But isn't it really just converting back and forth between two representations of the same thing? A str with char width 1 is conceptually an ASCII string; you're just changing how it's exposed to the program. As it stands, when you have an ASCII string stored as a str, you can call str.encode() on it (whereby it will default to encoding='utf-8'), or you can call `bytes(s, 'utf-8')`, and pass in an argument which is conceptually ignored. (Unless it is in fact not an ASCII string!) On the other hand, `bytes(s)` means, "Encoding shall not be necessary." That could be semantically useful, and a non-ASCII string will trigger an exception, while the other methods will just encode.

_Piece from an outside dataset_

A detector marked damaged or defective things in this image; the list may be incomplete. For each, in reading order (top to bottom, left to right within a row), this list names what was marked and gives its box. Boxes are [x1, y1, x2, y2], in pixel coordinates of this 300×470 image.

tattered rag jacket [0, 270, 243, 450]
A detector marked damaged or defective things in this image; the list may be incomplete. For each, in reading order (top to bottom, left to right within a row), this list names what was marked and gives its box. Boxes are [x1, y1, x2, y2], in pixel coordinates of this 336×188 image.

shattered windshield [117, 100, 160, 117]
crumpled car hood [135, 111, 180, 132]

On 2016-06-14 19:46, Franklin? Lee wrote:
""" Python 3.5.1+ (default, Mar 30 2016, 22:46:26) [GCC 5.3.1 20160330] on linux Type "help", "copyright", "credits" or "license" for more information.
I think you might mean "code point that will be encoded to a single byte under UTF-8" (i.e. those in the ASCII range), because there are many code points that can be encoded to single bytes under various legacy encodings like ISO-8859-[1-15], the KOI variants, and so on.
What makes you say that the "utf-8" argument to `bytes` is conceptually ignored? That is the encoding used to convert the Unicode code points to bytes! That's by no means the only option either; Python supports multiple ASCII-incompatible encodings like UTF-16, UTF-32, and (as I recall) Shift-JIS, etc. 'utf-8' isn't hardcoded here, either; the encoding used is the one reported by `sys.getdefaultencoding()`. Saying "Unless it is in fact not an ASCII string!" doesn't make any sense either; UTF-8 is still used to convert e.g. U+0041 LATIN CAPITAL LETTER A to the byte 0x41. Even if your text string only contains code points in the range [U+0000, U+007F], this is a very important semantic distinction, so a big -1. MMR...

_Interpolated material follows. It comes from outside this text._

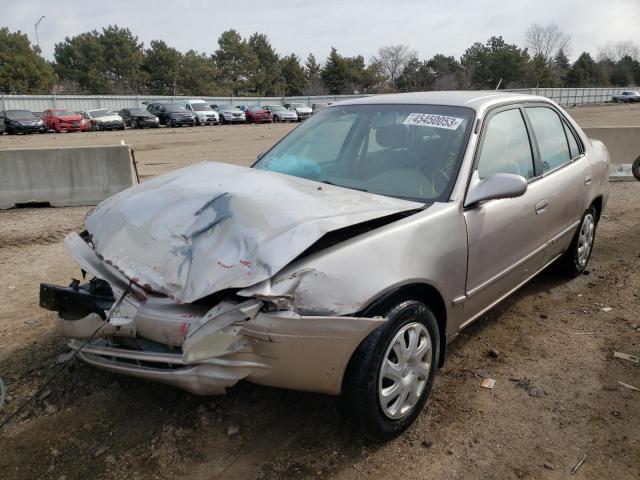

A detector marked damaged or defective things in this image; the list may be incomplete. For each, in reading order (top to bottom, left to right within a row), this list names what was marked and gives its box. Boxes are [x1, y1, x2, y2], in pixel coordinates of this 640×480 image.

crushed front bumper [42, 232, 384, 394]
wrecked engine bay [38, 163, 420, 396]
crumpled hood [86, 163, 424, 302]
damaged beige sedan [40, 92, 608, 440]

On Tue, Jun 14, 2016 at 07:46:34PM -0400, Franklin? Lee wrote:
How do you reason that? There are many one-character strings that aren't ASCII, and encode to two or more bytes. py> s = '\N{CJK UNIFIED IDEOGRAPH-4E4D}' py> len(s) 1 py> s.encode('big5') b'\xa5E' Other multibyte encodings include UTF-16 and UTF-32. Even single-byte encodings are not necessarily based on ASCII, e.g. the various EBCDIC codecs. The only string which is likely to return the same bytes under ALL encodings is the empty string. And even that is not guaranteed: imagine that somebody uses the codec machinary to create a string to bytes transformation which is not a pure character translation, e.g. a string-to-bytes version of: py> codecs.encode(b'', 'zip') b'x\x9c\x03\x00\x00\x00\x00\x01' Even ignoring such exotic transformations, it's not worth special casing the single case of '' --> b''. Who is going to write ''.encode() when they could just write b''?
Your comment in parentheses is the crux of the matter: your string may not be an ASCII string, so you don't know if the encoding is conceptually ignored. Besides, it may not be ignored: the FSR is a CPython implementation detail, not a language guarantee. 'A' is not necessarily stored internally as the single byte 0x41. Obvious alternatives are UTF-16 (two bytes) or UTF-32 (four bytes). I expect that Jython and IronPython will use whatever Java and .Net use for strings, which is unlikely to be the same as what CPython does.
Encode how? Just by copying bytes from whatever internal representation the Python compiler happens to use? Anything else requires a codec. You're suggesting raising an exception on non-ASCII strings, so either strings need an internal flag to say whether they're ASCII or not (possibly a good idea regardless), or bytes(s) has to scan the string, not just copy it. To my mind, it sounds like giving bytes a default encoding of 'ascii' might satify you. Or you can write a wrapper: def bytes(s): return builtins.bytes(s, 'ascii') -- Steve

On Tue, Jun 14, 2016, at 21:06, Steven D'Aprano wrote:
I think he's using "char width" to mean "width of the character type in bytes", not "length of the string", and referring to implementation details of the FSR. But at that point, why say it's conceptually ASCII rather than conceptually Latin-1?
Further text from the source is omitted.